Bei der Holzständerbauweise wird ein tragender Rahmen aus Holzständern errichtet, mit Holzfaserdämmung gefüllt und beidseitig beplankt. Wandstärken: 28 bis 36 Zentimeter. Eine 30 cm starke Holzständerwand dämmt deutlich besser als eine 50 cm dicke Ziegelwand – bei gleicher Dämmwirkung gewinnst du also Wohnfläche. Die Holztafelbauweise ist eine Weiterentwicklung: Großflächige Wandelemente werden komplett im Werk vorgefertigt – inklusive Fenster, Elektroleitungen und Innenausbauteilen. Die Massivholzbauweise mit Brettsperrholz oder Blockbohlen nutzt durchgehende Holzlagen statt Hohlraum-Konstruktionen. Sie speichert mehr CO₂ und bietet besseren Schallschutz – ist aber teurer.

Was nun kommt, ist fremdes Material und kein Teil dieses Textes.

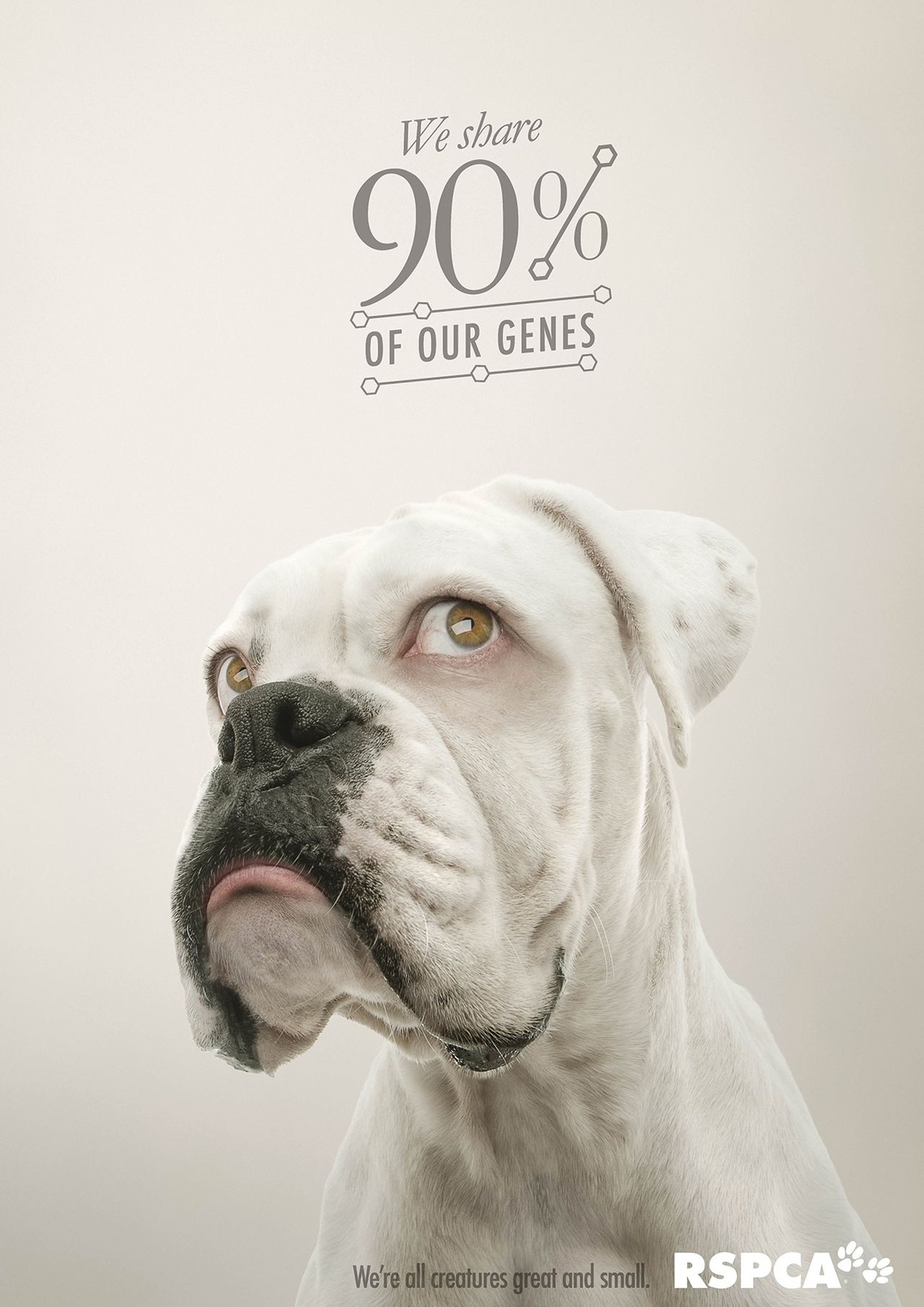 (We’re all creatures great and small.) Campaign for the animal welfare charity RSPCA, Queensland.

Holzständerbauweise: Energieeffizienz, Grenzen und Einsatzbereiche
Die Holzständerbauweise hat sich aus klaren technischen Gründen durchgesetzt: schlanke Wandstärken bei sehr guten Dämmwerten, kurze Montagezeit und kompatibel mit nahezu allen Dämmstoffen. Bei einem 130-Quadratmeter-Haus gewinnt man gegenüber einem Massivhaus rund 8 bis 10 Quadratmeter Nutzfläche. Nachteil: Schallschutz und thermische Speichermasse sind geringer als bei Massivkonstruktionen. Bei schlampiger Ausführung der Dampfbremse kann Feuchtigkeit in die Konstruktion eindringen – wer auf zertifizierte Hersteller mit Werks-Qualitätskontrolle setzt, minimiert dieses Risiko von vornherein.
Die Wahl folgt also keiner Glaubensfrage, sondern dem Nutzungsprofil: Holzständer für klassische Einfamilienhäuser mit hoher Energieeffizienz, Massivholz für Häuser mit Fokus auf Akustik und maximale CO₂-Bindung.

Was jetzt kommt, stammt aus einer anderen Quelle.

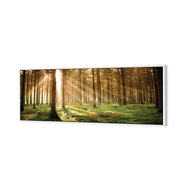 Autumn Pine Forest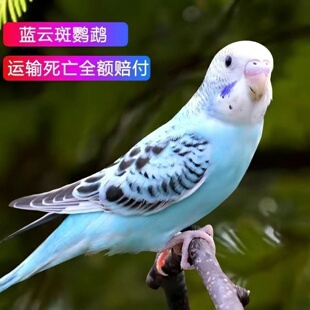 【包活保健康】虎皮鹦鹉活鸟活物家养宠物小鸟云斑鹦鹉中小型手养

Wohngesundheit: Ökologische Baustoffe für Allergiker und sensible Bewohner
Ein diffusionsoffenes Holzhaus reguliert die Raumfeuchte über die Wandkonstruktion und hält die Innenraumluft frei von chemischen Belastungen, sofern alle verbauten Materialien emissionsgeprüft sind. Besonders für Allergiker und Chemikaliensensitive ist das nicht ein nettes Extra, sondern oft der eigentliche Grund, ein wohngesundes Ökohaus überhaupt in Erwägung zu ziehen. Schadstoffgeprüfte Häuser erreichen nach Messungen unabhängiger Institute wie Sentinel Haus oder TÜV Rheinland regelmäßig TVOC-Werte deutlich unter dem UBA-Richtwert I – das ist messtechnisch belegbar, im Alltag spüren es Bewohner an weniger Reizungen der Atemwege.
Im Vierpersonenhaushalt entstehen täglich rund 12 Liter Wasserdampf durch Atmen, Kochen und Duschen – Holzfaserdämmung nimmt bis zu 20 Prozent ihres Eigengewichts an Feuchtigkeit auf und gibt sie kontrolliert wieder ab.
Der zweite Pfeiler der Wohngesundheit sind schadstoffgeprüfte Materialien. Das Umweltbundesamt arbeitet mit zwei Richtwerten für die Innenraumluft: Richtwert I ist die Konzentration eines Stoffes, bei der einzeln betrachtet keine gesundheitlichen Schäden zu erwarten sind – der Zielwert für gut geplante Neubauten. Richtwert II ist die Schwelle, ab der bei dauerhaftem Aufenthalt eine Gesundheitsgefährdung möglich ist – sie sollte nie überschritten werden. Das vom UBA mit dem Deutschen Institut für Bautechnik (DIBt) entwickelte AgBB-Bewertungsschema (Stand September 2024) regelt, wie viele flüchtige Schadstoffe Bauprodukte ausdünsten dürfen. Schadstoffgeprüfte Ökohäuser erreichen häufig Werte deutlich unter dem Richtwert I.
Hersteller wie das Sentinel Haus Institut (SHI) prüfen die Innenraumluft am Tag der Übergabe und zertifizieren Bauprodukte nach erweiterten Wohngesundheits-Kriterien – inklusive Weichmacher, Flammschutzmittel und Biozide, die das AgBB-Schema nicht vollständig abdeckt. Solche Siegel sind das wichtigste Vertrauenssignal für hochwertige ökologische Materialien. Wer auf Lehm, Holz und Holzfaser setzt, vermeidet Formaldehyd-Emissionen aus Spanplatten und Lösemittel-Reste aus Dispersionsfarben. Allergiker spüren das im Alltag deutlich – nicht erst im Labor.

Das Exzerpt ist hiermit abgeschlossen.